Baking bread is easy. This basic bread recipe takes 10 minutes of actual work. The rest of the time is spent waiting for the bread to rise or bake in the oven. A loaf of bread costs $3.50 or more to buy. Making this recipe costs about $1, a savings of $2.50. 6 loaves of bread at 10 minutes per loaf multiplied by a savings of $2.50 each equates a total savings of $15 per hour. And this is for one loaf. Two loaves are no more difficult to produce than one and double the profits to $30/hour. If you make less than $15/hour at work or share a home, you should make your own bread.
Unlike cooking, precise measurements are important when baking, and it is better to measure ingredients by weight rather than volume whenever possible. Temperature is also key. The ingredients should all be approximately the same temperature and as close to body temperature as possible. Baking good bread takes practice, so don’t get discouraged. I use a 60/40 mixture of whole wheat and white flour because I find it is a good balance between the quick energy of white flour and the slow-release energy that whole wheat flour provides.

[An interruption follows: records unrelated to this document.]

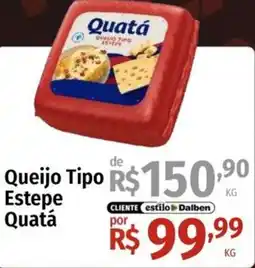 Supermercado Dalben Queijo tipo estepe quatá oferta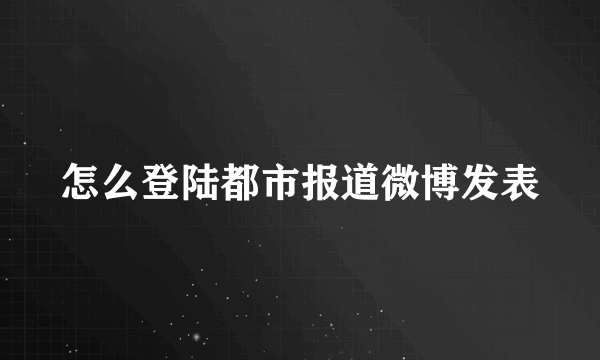 怎么登陆都市报道微博发表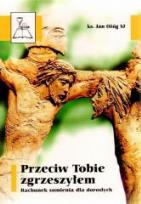 Okładka książki Przeciw Tobie zgrzeszyłem Rachunek sumienia dla...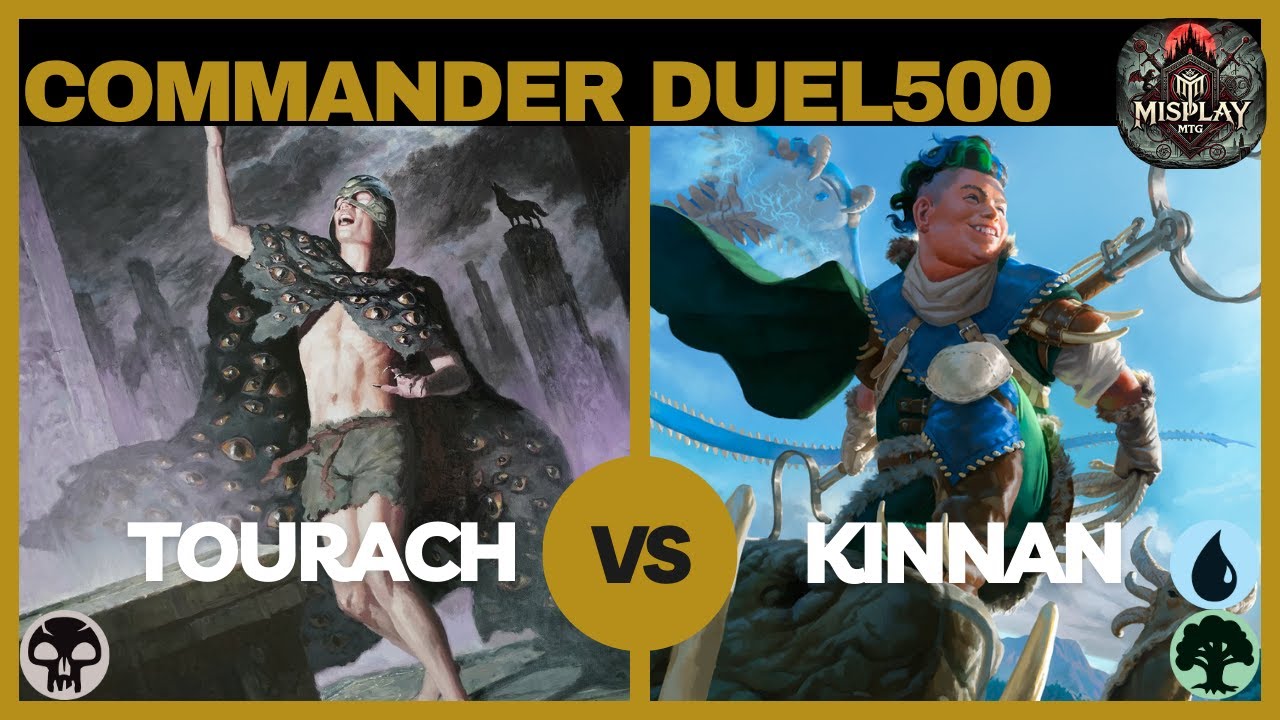 DUEL COMMANDER 500 - TOURACH X KINNAN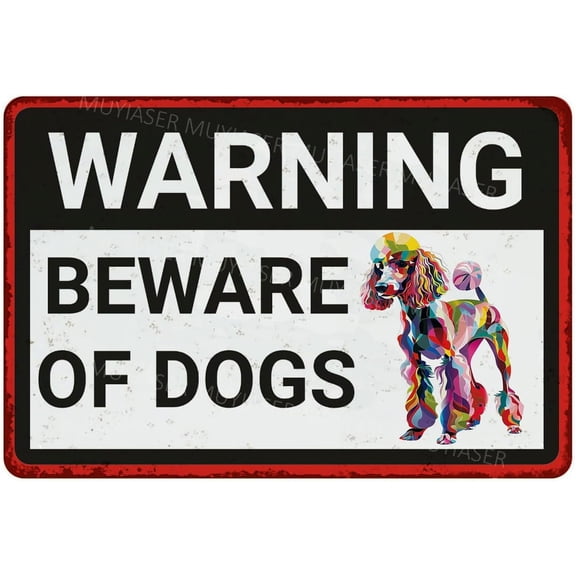 Beware Of Dogs Sign Poodle Beware Of Dog Sign Aluminum Metal Tin Signs Door Sign Warning Sign For Fence Gate Yard Home Wall Decor 8x12 Inch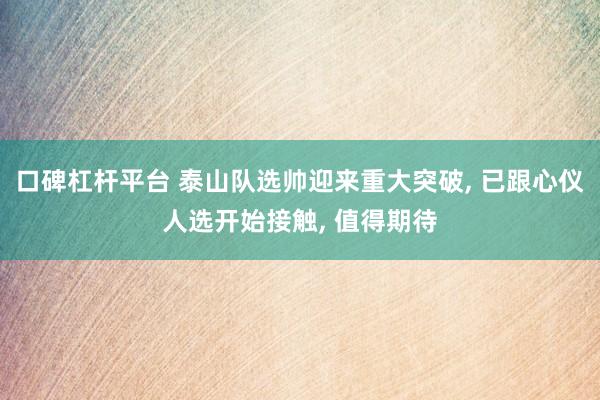 口碑杠杆平台 泰山队选帅迎来重大突破, 已跟心仪人选开始接触, 值得期待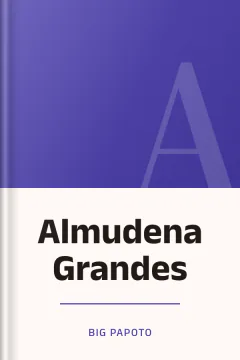 Almudena Grandes - Big Papoto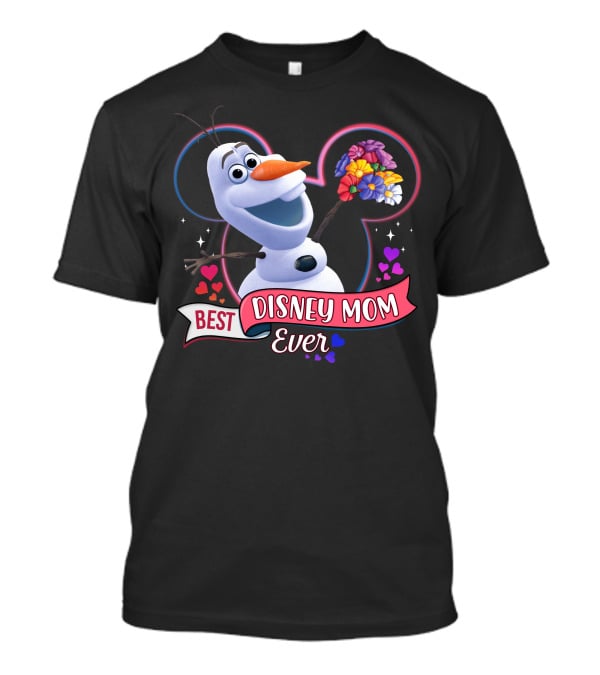 Best Disney Mom Ever Olaf Holding Flowers In Front Of Mickey Mouse Outline T-Shirt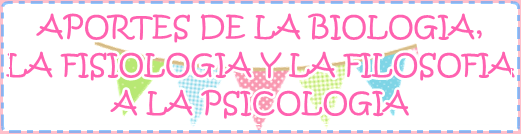 ANÁLISIS DE LOS APORTES DE OTRAS CIENCIAS A LA PSICOLOGIA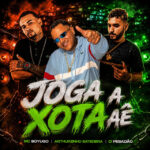 Capa de Arthurzinho Batedeira, mc boyugo e O Pesadão – “Joga a Xota Aê”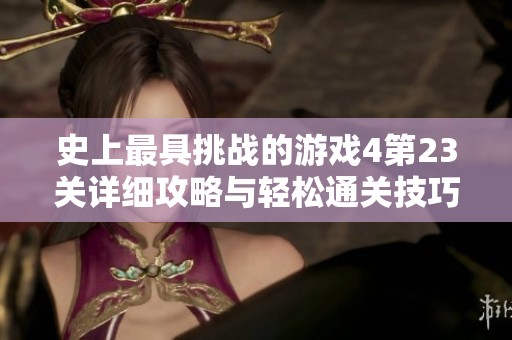 史上最具挑战的游戏4第23关详细攻略与轻松通关技巧分享
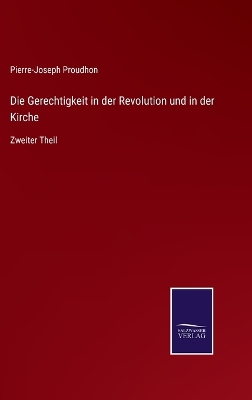Book cover for Die Gerechtigkeit in der Revolution und in der Kirche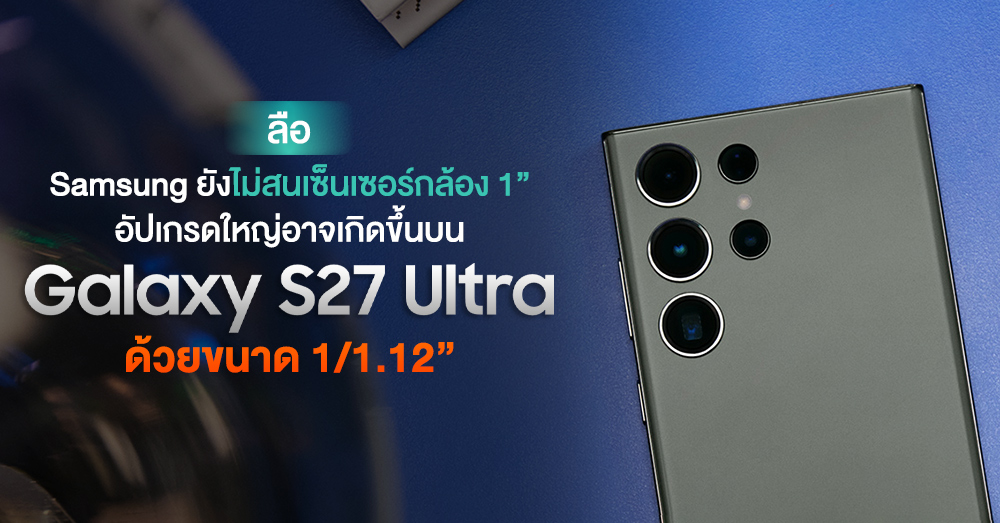 ลืออีก! Samsung จะยังไม่สนเซ็นเซอร์กล้อง 1″ ในเร็ว ๆ นี้ อัปเกรดครั้งใหญ่จะเริ่มบน S27 Ultra ด้วยขนาด 1/1.12″ !?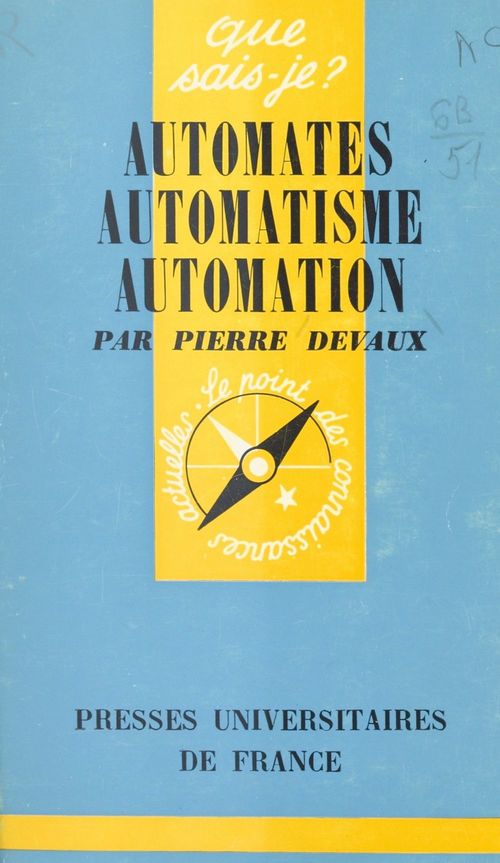 Couverture ebook de Automates, automatisme, automation, de Pierre Devaux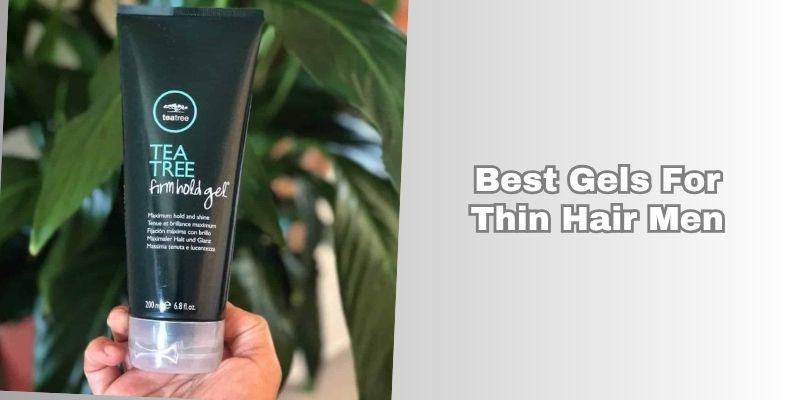 best gels for thin hair men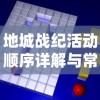 地城战纪活动顺序详解与常见问题解答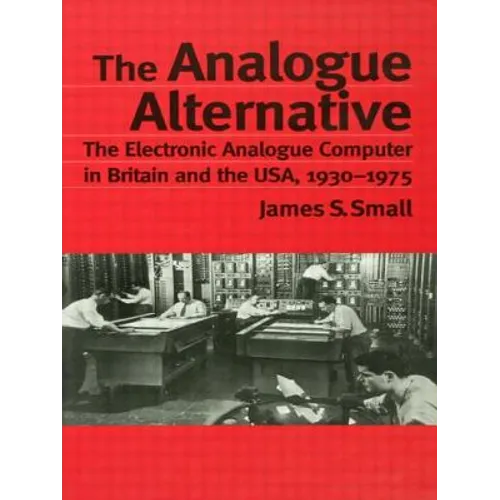 The Analogue Alternative: The Electronic Analogue Computer in Britain and the Usa, 1930-1975 - Paperback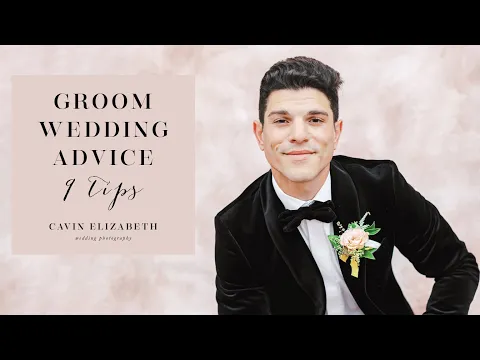 9 Tips for Grooms on the Wedding Day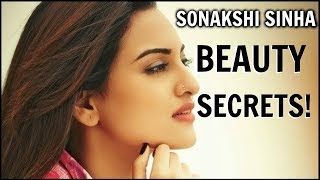 SONAKSHI SINHA'S BEAUTY SECRETS FOR FLAWLESS SKIN & HAIR CARE TIPS FOR LONG SHINY THICK HAIR!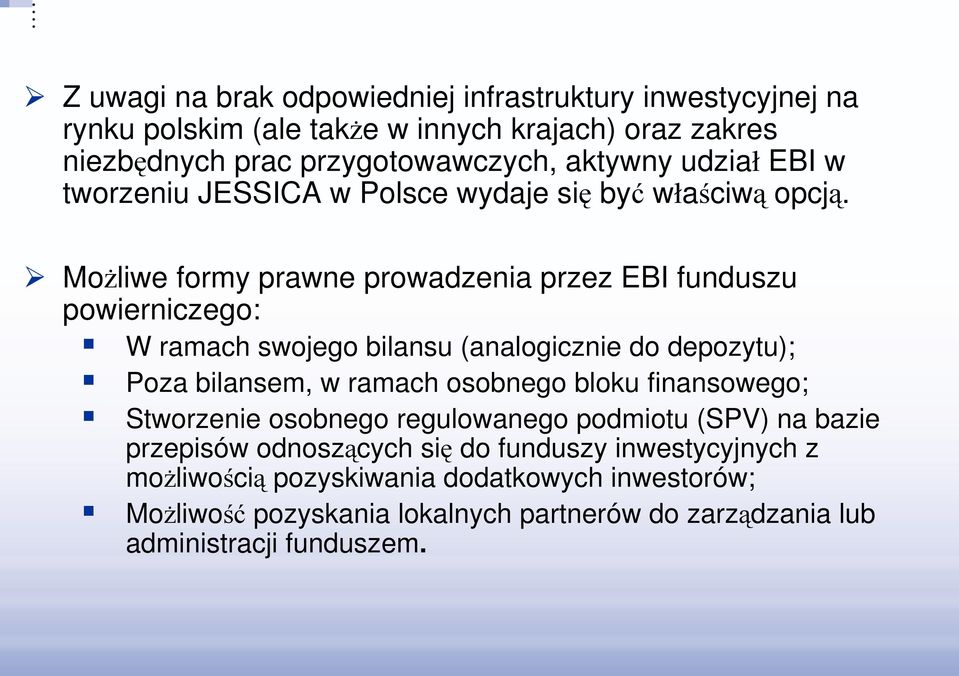 MoŜliwe formy prawne prowadzenia przez EBI funduszu powierniczego: W ramach swojego bilansu (analogicznie do depozytu); Poza bilansem, w ramach osobnego bloku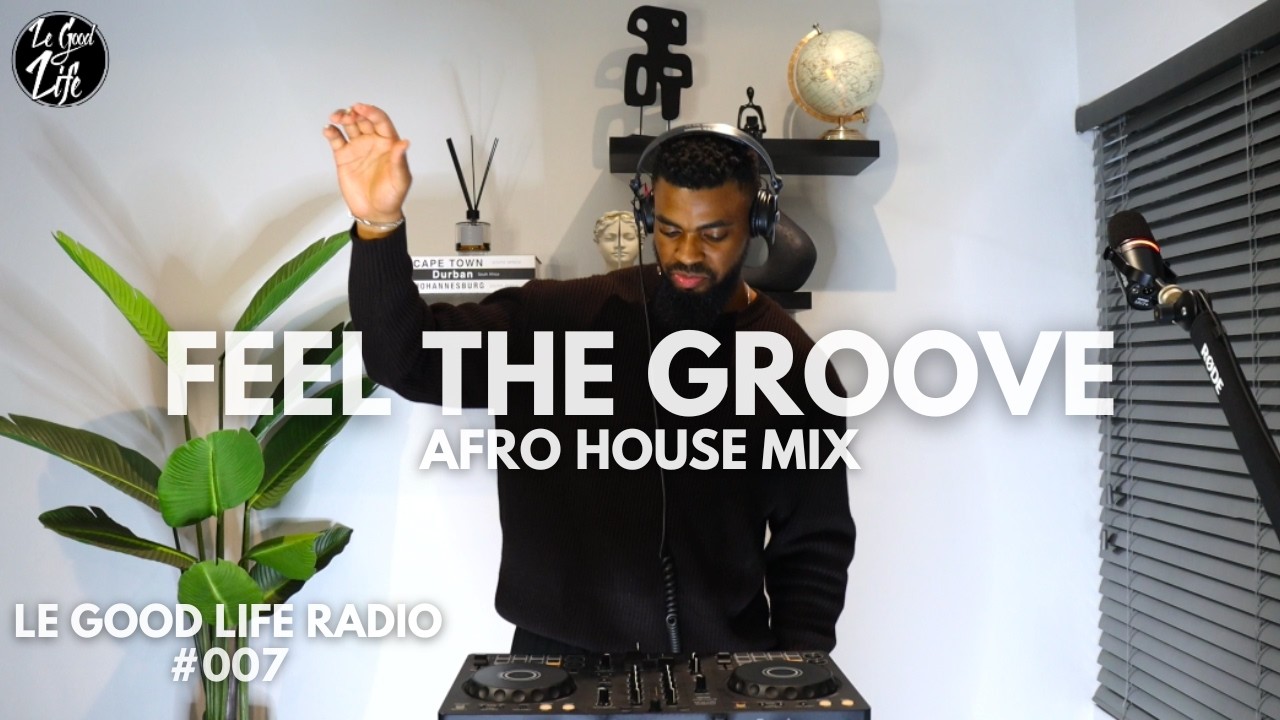 Afro House Mix 2026 | Feel The Groove | Le Good Life Radio: 007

The white flour also aids with digestion.
2 ½ cups whole wheat all purpose or bread flour
1 ½ cups white all purpose flour
1 1/8 cups water
2 ½ tsp active dry yeast
1 tsp sugar
1 tsp salt
2 tsp canola oil
- Warm half the water, stir in the sugar, then stir in the yeast.
- Save ½ cup of the white flour, and thoroughly mix the remaining flour together. In the winter, I usually warm the flour in the oven. Turn the oven on for 30 seconds, then turn it off before putting your bowl in. This way you won’t forget and leave the oven on. Make a well in the centre of the flour and pour in the yeast mixture once it has doubled in volume. Use a spoon to avoid getting your fingers messy and mix the liquid into the flour until the liquid has been absorbed. Warm the other half of the liquid, dissolve the salt, add the oil, then combine it with the flour mixture, this time using your hands.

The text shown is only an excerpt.